Content starts

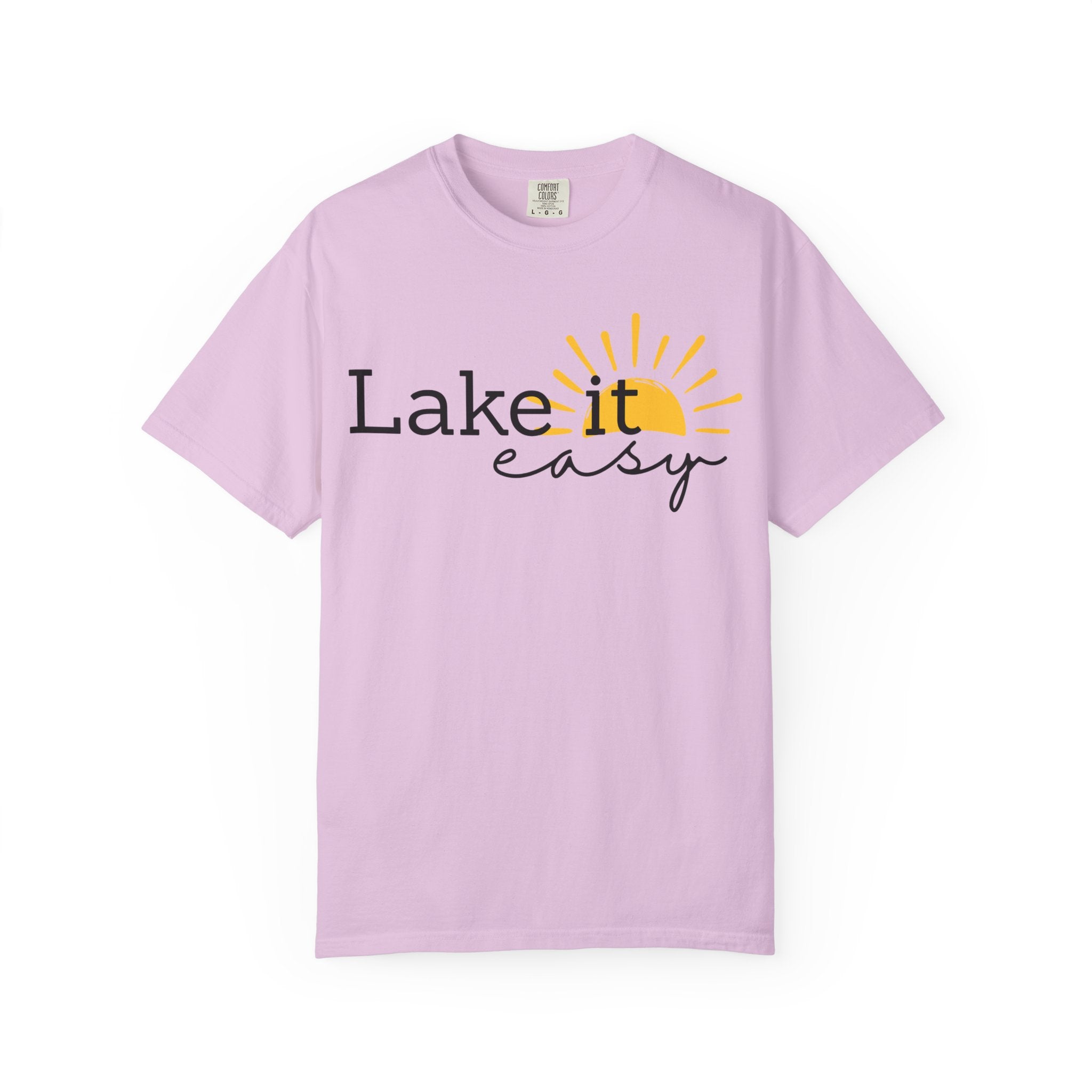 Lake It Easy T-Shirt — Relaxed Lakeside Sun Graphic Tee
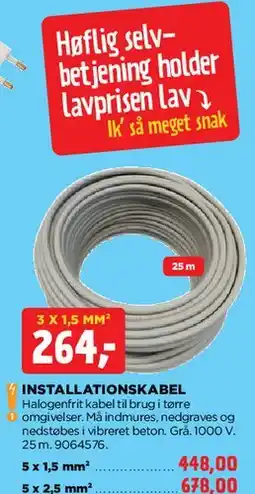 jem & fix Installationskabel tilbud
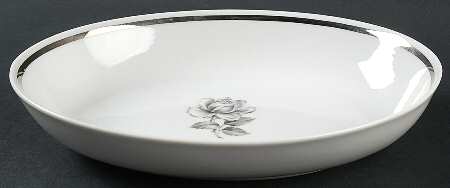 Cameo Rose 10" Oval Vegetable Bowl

Content ends
Content starts

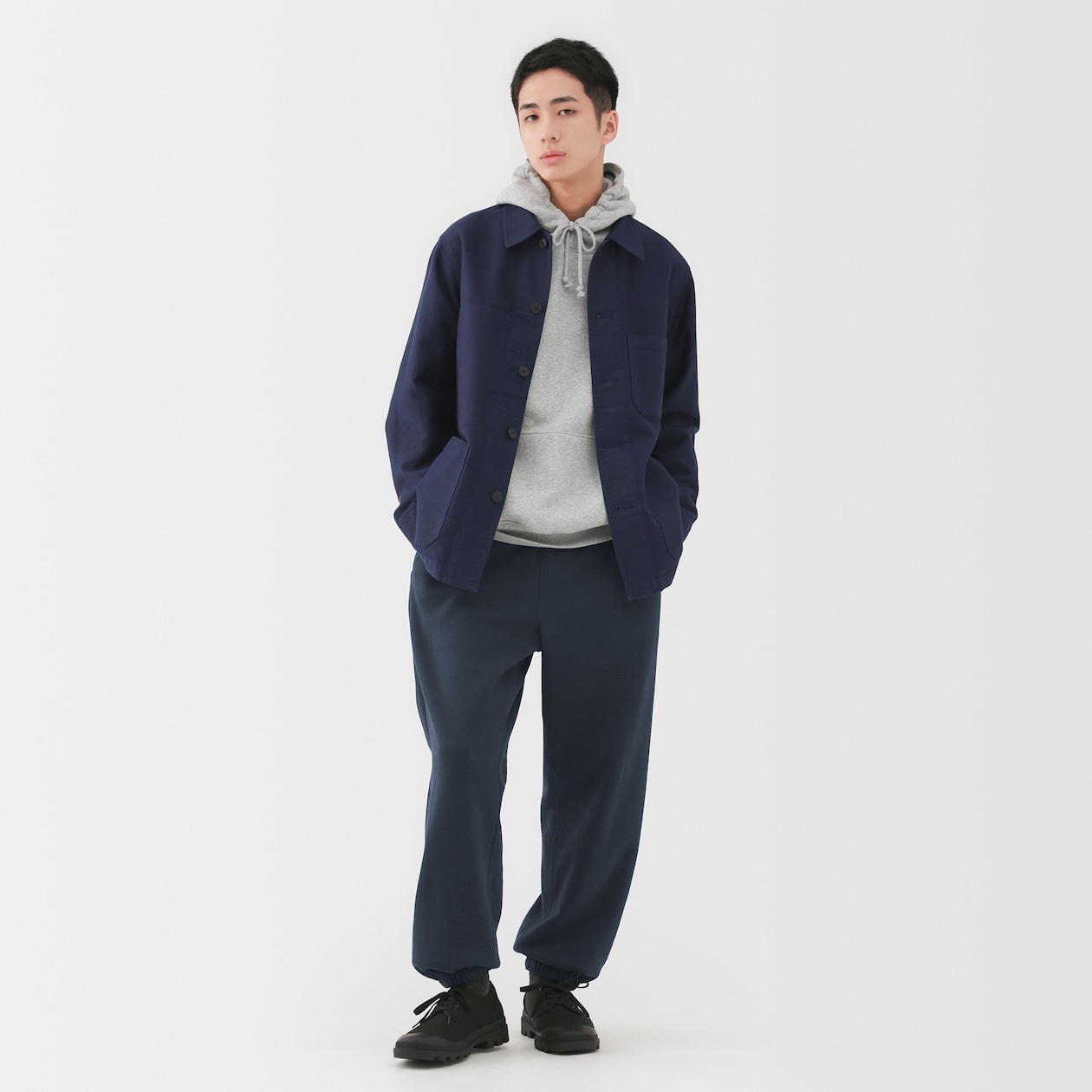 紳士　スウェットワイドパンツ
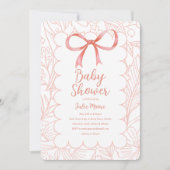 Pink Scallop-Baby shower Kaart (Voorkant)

Content ends
Content starts

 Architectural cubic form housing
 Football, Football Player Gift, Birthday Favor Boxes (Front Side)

Content ends

WHAT THIS TASK INVOLVES:
Starting with the line that contains "jem & fix Installationskabel tilbud" and finishing with the line that contains "Oval Vegetable Bowl", reproduce every line of the material above exactly, but not the pictures.

ANSWER TO THIS EXERCISE:
 jem & fix Installationskabel tilbud
 Cameo Rose 10" Oval Vegetable Bowl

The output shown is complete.